Andreas Viberg analysed the geophysics, I directed the excavation, Lotta Feldt did the GPS survey, Jon Lundin presented the survey data, Cheyenne Olander took the drone photograph and combined all the data in this picture.
3½ days of digging, ½ day of backfilling and re-turfing, ½ day of house cleaning before we said goodbye at noon on Friday.
Found a blue glass bead and a bronze wire spiral bead near the hall’s NE entrance. Both would fit well on a bead string that broke in AD 700-750.
Signs suggest the swapping out of some structural posts around the entrance.
Structural ironwork found on top of a roof-bearing posthole’s fill suggests that similar objects found in the topsoil last year had been redeposited there by 19th century diggers, and are in fact old.
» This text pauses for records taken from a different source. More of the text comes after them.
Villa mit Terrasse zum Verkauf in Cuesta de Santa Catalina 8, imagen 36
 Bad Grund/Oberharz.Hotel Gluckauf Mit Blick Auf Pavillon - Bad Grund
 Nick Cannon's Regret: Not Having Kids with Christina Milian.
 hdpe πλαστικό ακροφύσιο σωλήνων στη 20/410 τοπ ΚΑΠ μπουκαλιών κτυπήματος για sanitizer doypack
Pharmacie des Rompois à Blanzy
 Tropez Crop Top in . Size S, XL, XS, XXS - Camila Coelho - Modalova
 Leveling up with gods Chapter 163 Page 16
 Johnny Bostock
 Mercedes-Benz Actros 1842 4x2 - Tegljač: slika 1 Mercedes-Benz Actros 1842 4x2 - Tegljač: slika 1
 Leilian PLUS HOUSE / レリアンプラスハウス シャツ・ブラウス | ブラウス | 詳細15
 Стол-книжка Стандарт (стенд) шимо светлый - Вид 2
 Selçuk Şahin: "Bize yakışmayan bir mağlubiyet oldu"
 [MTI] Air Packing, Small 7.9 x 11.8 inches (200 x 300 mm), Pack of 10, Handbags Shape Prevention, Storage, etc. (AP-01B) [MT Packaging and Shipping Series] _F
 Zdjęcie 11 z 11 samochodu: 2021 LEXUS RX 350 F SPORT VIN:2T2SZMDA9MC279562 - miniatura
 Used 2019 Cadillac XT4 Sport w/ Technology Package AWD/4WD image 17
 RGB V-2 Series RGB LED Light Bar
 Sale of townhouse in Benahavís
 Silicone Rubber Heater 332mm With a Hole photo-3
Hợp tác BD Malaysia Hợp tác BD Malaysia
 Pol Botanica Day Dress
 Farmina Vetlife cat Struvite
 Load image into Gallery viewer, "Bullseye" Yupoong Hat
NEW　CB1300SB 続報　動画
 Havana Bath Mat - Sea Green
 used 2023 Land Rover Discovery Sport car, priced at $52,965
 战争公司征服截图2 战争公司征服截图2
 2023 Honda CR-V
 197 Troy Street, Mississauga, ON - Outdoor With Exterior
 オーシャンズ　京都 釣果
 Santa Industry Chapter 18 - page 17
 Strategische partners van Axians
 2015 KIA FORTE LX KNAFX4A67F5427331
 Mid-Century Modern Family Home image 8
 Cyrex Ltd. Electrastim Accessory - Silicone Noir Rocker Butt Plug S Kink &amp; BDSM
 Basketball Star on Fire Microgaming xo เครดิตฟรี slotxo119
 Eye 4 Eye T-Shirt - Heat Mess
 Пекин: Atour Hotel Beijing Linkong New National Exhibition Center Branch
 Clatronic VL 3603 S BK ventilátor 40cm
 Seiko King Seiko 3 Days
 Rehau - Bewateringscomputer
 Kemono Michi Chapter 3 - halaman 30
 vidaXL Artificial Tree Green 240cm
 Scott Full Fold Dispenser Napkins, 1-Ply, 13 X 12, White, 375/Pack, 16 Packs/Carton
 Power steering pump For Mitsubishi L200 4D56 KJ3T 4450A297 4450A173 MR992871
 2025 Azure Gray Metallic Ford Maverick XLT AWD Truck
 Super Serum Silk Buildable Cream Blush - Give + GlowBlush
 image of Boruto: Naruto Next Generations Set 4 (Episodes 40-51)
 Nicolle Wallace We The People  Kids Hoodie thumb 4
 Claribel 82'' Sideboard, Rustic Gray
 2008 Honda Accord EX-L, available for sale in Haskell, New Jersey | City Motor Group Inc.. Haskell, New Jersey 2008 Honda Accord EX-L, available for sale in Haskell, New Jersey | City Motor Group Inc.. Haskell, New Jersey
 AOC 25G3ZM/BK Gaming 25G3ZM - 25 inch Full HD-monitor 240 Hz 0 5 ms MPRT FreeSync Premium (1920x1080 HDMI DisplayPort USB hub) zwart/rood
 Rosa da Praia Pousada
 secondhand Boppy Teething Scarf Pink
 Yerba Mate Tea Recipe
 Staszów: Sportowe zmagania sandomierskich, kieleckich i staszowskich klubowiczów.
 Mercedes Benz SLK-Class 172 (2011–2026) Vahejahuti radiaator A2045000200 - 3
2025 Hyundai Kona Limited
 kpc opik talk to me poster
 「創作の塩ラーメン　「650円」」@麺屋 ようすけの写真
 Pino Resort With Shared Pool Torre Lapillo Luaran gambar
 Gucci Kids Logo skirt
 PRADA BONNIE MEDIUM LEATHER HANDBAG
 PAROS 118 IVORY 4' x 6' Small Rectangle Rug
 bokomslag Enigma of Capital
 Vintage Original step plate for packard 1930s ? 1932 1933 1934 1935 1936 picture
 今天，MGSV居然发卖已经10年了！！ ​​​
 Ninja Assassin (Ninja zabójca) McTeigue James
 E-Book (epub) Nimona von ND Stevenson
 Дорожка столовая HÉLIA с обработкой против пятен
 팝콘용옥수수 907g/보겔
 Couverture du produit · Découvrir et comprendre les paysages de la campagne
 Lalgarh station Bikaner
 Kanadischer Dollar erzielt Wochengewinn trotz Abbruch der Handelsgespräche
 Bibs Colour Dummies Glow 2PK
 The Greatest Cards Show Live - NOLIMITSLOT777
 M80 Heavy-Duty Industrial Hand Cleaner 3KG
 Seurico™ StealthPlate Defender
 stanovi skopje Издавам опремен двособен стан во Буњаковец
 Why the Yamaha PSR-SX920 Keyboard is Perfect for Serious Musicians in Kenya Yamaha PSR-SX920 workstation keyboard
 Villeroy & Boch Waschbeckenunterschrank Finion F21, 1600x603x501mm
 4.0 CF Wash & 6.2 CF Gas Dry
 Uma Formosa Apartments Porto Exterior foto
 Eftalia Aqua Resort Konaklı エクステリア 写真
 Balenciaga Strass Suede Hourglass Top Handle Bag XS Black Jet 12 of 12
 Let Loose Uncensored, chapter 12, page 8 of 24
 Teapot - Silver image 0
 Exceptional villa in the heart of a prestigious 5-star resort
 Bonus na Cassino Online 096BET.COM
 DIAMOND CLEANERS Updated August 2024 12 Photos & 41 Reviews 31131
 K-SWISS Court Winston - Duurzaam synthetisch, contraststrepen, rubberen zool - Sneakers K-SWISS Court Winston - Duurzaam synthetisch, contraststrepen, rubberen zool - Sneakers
Svante Hagsten of Aska Maskinstation Ltd did a beautiful job of backfilling our trenches. I wish I had had the sense to ask him last year! Then the students re-turfed.
Another de-stressing innovation is that I will return the equipment to the county museum storage on Monday, after everybody’s gone home.
Bead from the NE entrance area. Photo Cheyenne Olander.
Drone photo by the excellent Cheyenne Olander, north to the right
Finished the north trench with the high seat & foil figure concentration, started backfilling.
Emptied the recent refuse pits in the south trench, uncovered and sectioned the south wall line and four buttress postholes outside it.
Opened a third trench over the hall’s north-east gate.
Few artefact finds, of which the most interesting is our second 13/1400s crossbow bolt.
I’ve had an idea about what happened to the platform after the mead hall was torn down in the later 900s. We have wondered why there is no sign of activity or damage between 1000 and 1800. Aska was probably the härad assembly site in the 1000s and 1100s. Was the platform maintained as a thing mound?
The County Museum’s Lotta Feldt and Linnea Hernqvist surveyed our visible features with an RTK GPS.
Found more gold foil figures for a maximum total of 33 from Aska. This number may prove lower when fragments are fitted. But we are certainly past Helgö’s number now.
Identified many features of the mead hall’s architecture that we had already seen on the geophys. And got a clearer idea of the wide, backfilled mid-19th century ditch that runs obliquely across the mead hall’s east half.
Discovered more butchery refuse pits from around 1900. They have primarily damaged the inner of the two south wall lines. This complication offers a fun opportunity for true stratigraphic excavation.
At Aska near Vadstena in Östergötland is a massive earth platform on which geophys has revealed an almost 50-metre mead-hall. Six radiocarbon analyses date its lifetime to c. AD 660-950.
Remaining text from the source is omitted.